→ Aim of the exercise
The listing below needs to be copied in full, exactly.

→ Data block
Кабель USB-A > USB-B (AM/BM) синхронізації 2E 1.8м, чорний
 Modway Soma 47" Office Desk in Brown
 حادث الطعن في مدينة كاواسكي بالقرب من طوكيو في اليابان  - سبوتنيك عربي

→ Answer to this exercise
Кабель USB-A > USB-B (AM/BM) синхронізації 2E 1.8м, чорний
 Modway Soma 47" Office Desk in Brown
 حادث الطعن في مدينة كاواسكي بالقرب من طوكيو في اليابان  - سبوتنيك عربي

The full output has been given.